The observation by ALOS-2/PALSAR-2 for the Hakone volcano has been carried out repeatedly, mainly in four orbits, and each orbit is performed almost once every several months. From October 2014 to the end of 2018, data from descending orbit with right looking angles were obtained 22, and 15 scenes in Path 18 and 19, respectively, and data from ascending orbit with right looking angles were obtained 11 scenes in Paths 125 and 126, respectively. In this study, we performed DInSAR analysis with the latest interference pairs for all these data and clarified the displacement of the ground surface in the Kamiyu E region.

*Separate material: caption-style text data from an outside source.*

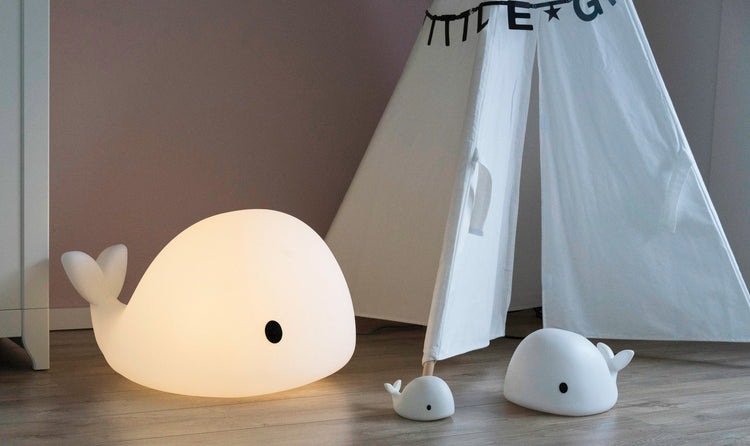 FLOW. Moby large - Night light (white)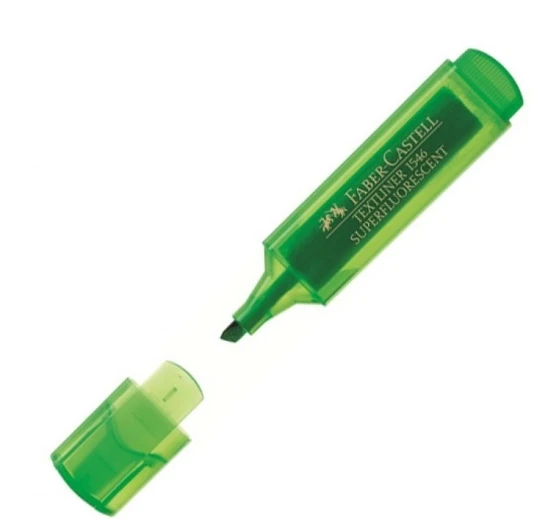 Faber Castell Fosforlu Kalem Şeffaf Yeşil - 1 adet ürün görseli 1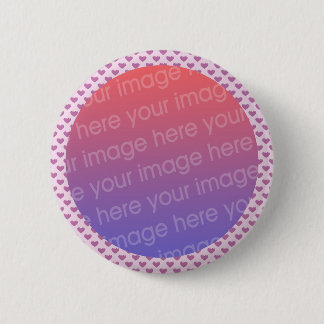 Lavendel-Herzen-Fotorahmen Button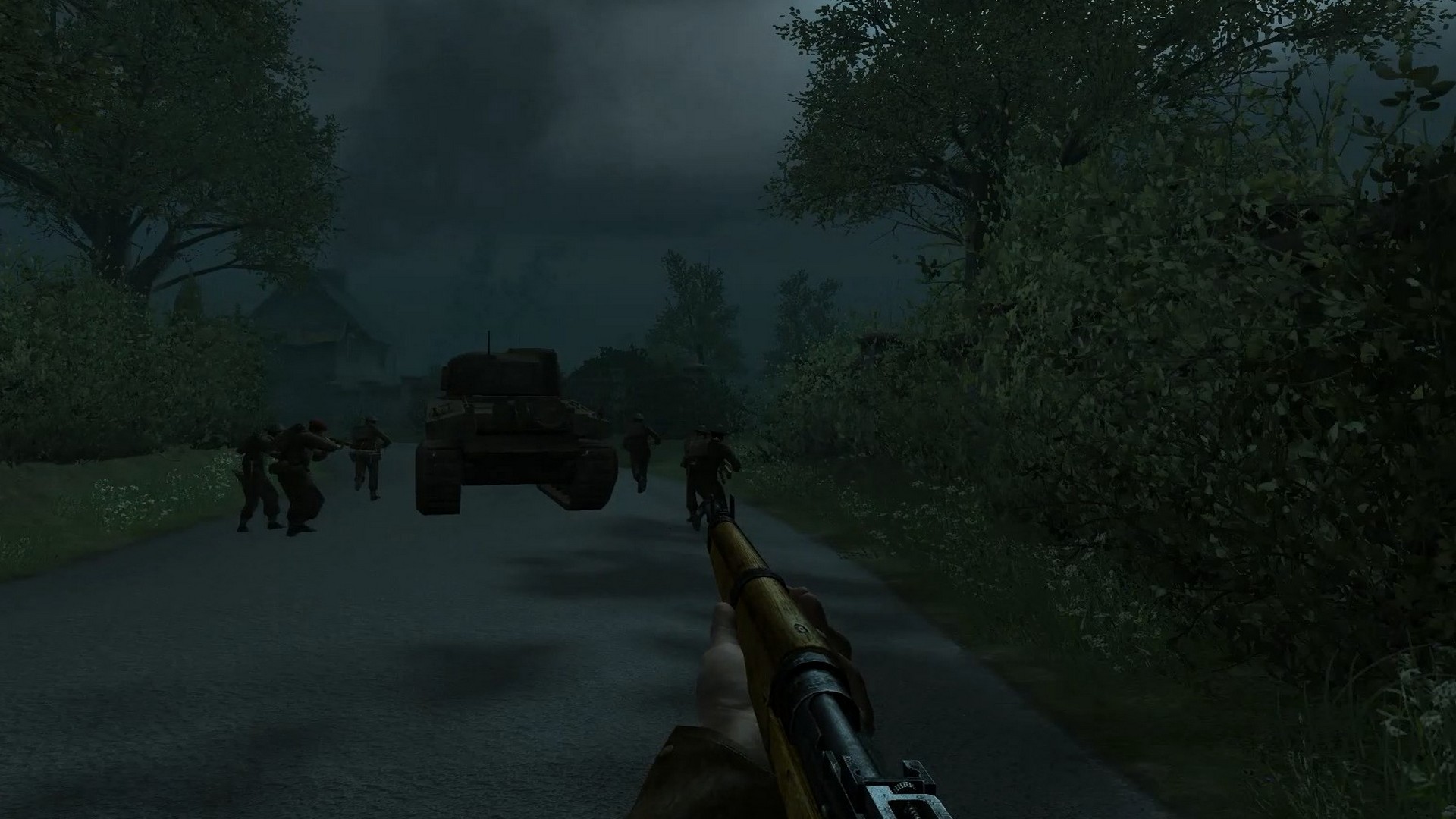 Уничтожение тигров. Call of Duty 2 #5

In the observation from the east side (Paths 18, 19), the Kamiyu E region displaced about 3 to 5 cm toward the satellite with respect to a reference point outside the fumarolic area during about four years. Moreover, in the observation from the west side (Paths 125, 126) displaced about 10 to 13 cm away from the satellite during the same period. These results suggest that the E region steadily displaces in the northeast direction in the long term, which also coincides with the inclination direction of the E region so that it is considered that the landslide displacement is occurring.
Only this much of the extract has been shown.